Vexillology, you know, the art and study of flag design, ok, maybe you don’t know that, but the field plays an important role in the representation of countries, states, and territories as a way to represent its people in a small, deceivingly complex manner. However, representing a large body of people with one, sometimes outdated, flag is difficult – and getting a flag changed can take an act of god. This hasn’t stopped Mississippi-based artist Laurin Stennis from trying, though, and it seems she has some momentum in changed the banner that represents her state and its people.
For those that don’t know, Mississippi has a tumultuous history to say the least. The Mississippi Civil Rights Museum (MCRM), which opened last year, tells the story of the southern state and the oppression that countless people of colour were met with, sometimes to the point of death. When admitted to the Union in 1817, Mississippi was a slave state and at times, the slave population outnumbered the freed population. It was the second state to secede from the Union, following South Carolina, to join the Confederate States in 1861. Like many slave-holding states, lynching became a form of slave control and continued well into the 20th century – the last of which took place in Alabama in 1981 by the KKK. The MCRM takes visitors through a timeline of more than 580 lynchings alone. This is all to show one side of Mississippi’s difficult history.

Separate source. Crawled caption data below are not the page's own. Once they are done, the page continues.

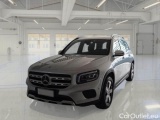  Mercedes  GLB MERCEDES-BENZ  / 2019 / 5P / SUV  200 D AUTOMATIC 4MATIC SPORT PLUS 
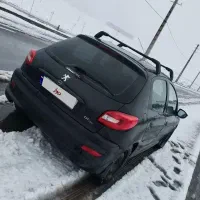 پژو ۲۰۶ تیپ ۲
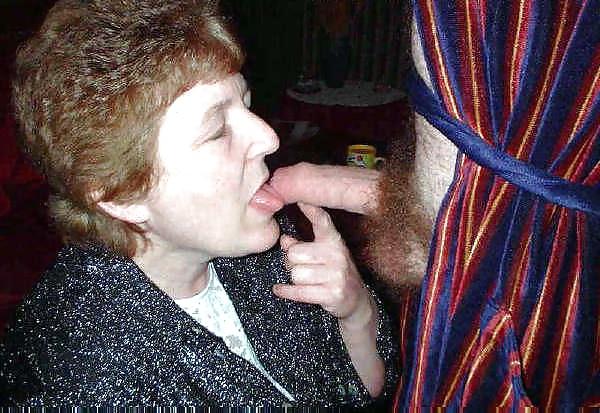 25P Granny love sex - 8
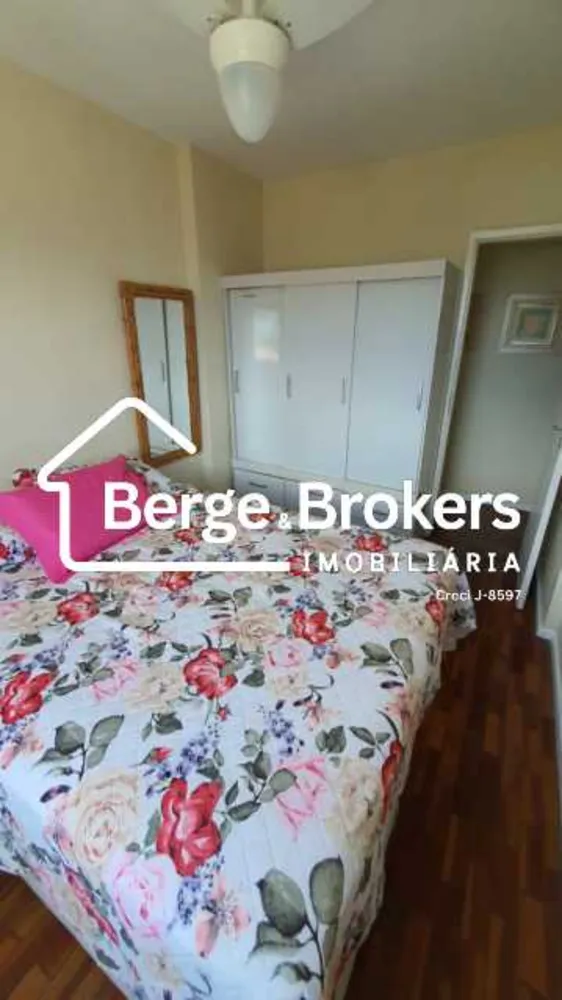 Apartamento, 3 quartos, 53 m² - Foto 4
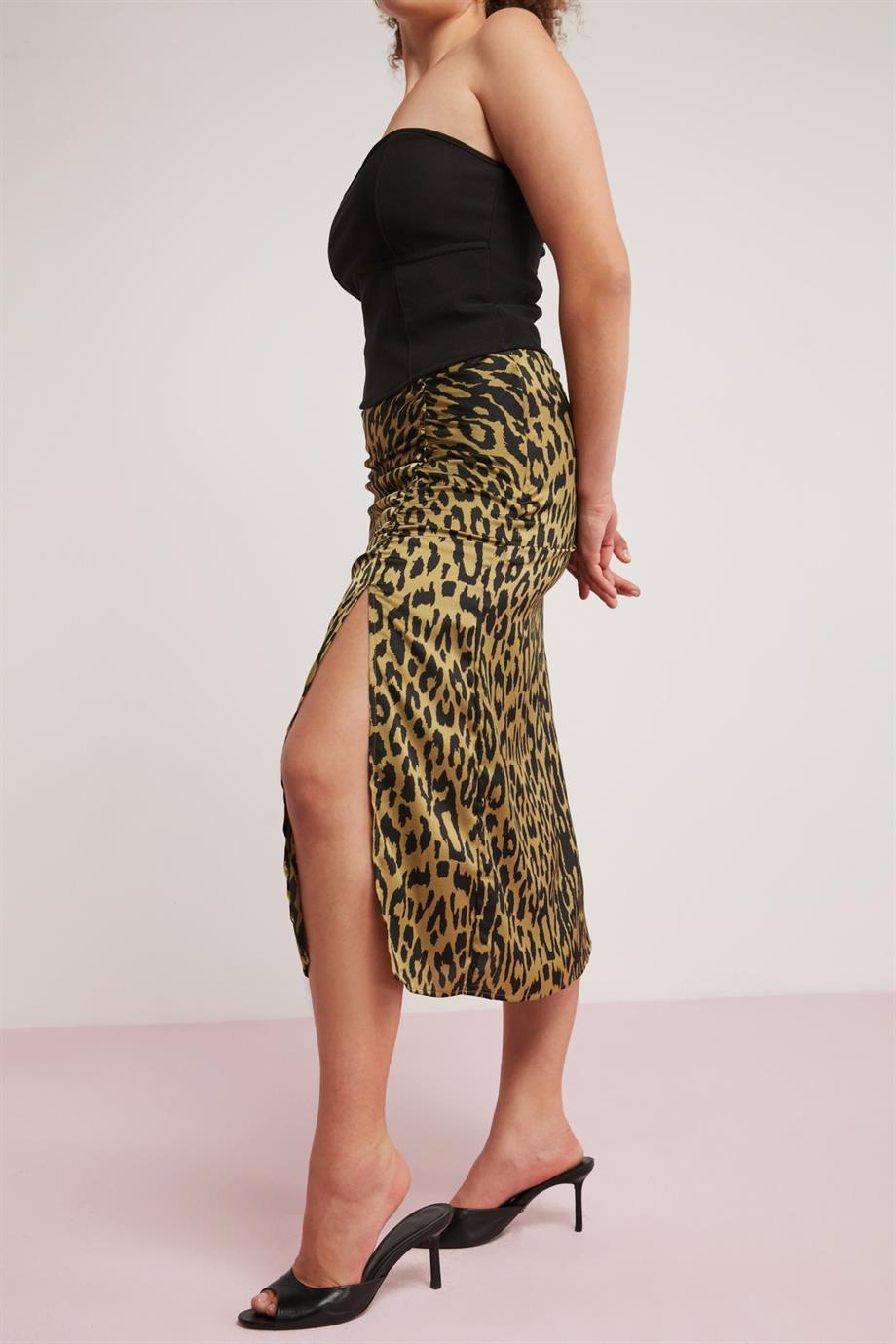 ETHIQUET Webrock Plus Size Default Title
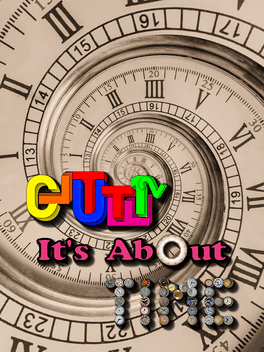 混乱大搜索 12：是时候了 – 收藏版.Clutter 12: It’s About Time – Collector’s Edition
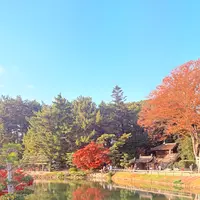 岡山後楽園の写真・動画_image_796670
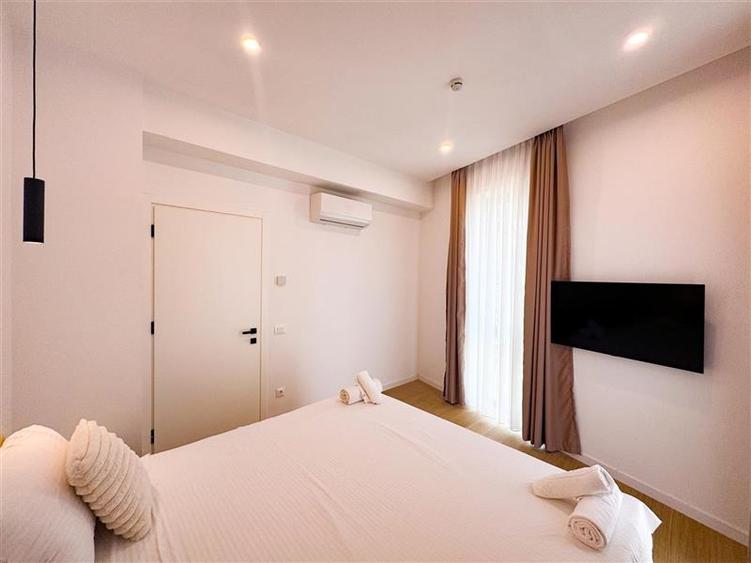 Apartament de inchiriat 2 camere Stefan cel Mare Complex Central - 12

Stennis hasn’t tried to cover up this past – her grandfather was a democratic politician in Mississippi who defended segregation – but she has decided that the flag wasn’t one that accurately represented the state. At the moment, Mississippi’s flag has a field of blue, red, and white horizontal bars that exactly inverse the Netherland’s tricolour. However, as a tribute to Mississippi’s Confederate heritage, in the top left corner, there is a square displaying the Confederate flag or the flag most often associated with the Confederacy.
The flag created by Stennis, gaining recognition as the ‘Stennis Flag,’ tells Mississippi’s story with an emphasis on different key points in its history. The new flag bears a white field bookended by a red vertical strip at the left and right sides. At the centre, there is a large blue star showing the inverse of the ‘Bonnie Blue Flag’ which the state used when it seceded. ‘I inverted it,‘ Stennis told The Washington Post, ‘because I don’t celebrate that dark moment in our history [referring to the state’s secession], but it has to be acknowledged.’ Around that star there is a halo of 20 blue stars. This points to when Mississippi joined the Union to become the 20th state.
The artist, who can usually be found making woodcut prints of various this, including armadillos, in her downtown Jackson studio isn’t the campaigning type. She didn’t want to lead the movement to change the flag but she simply couldn’t bear the meaning behind the state’s flag, which she called ‘a blinking neon sign of negativity.’ She does, though, have support from a number of people of all creeds in her community for the flag. Mississippi Rep. Kathy Sykes filed the bill to officially change the state’s banner to the ‘Stennis Flag.’ Though everyone isn’t enthused by the movement, it most likely won’t be a quick change. If Stennis’ flag does become the state flag, though, it might give people more of a reason to fly their flag proudly.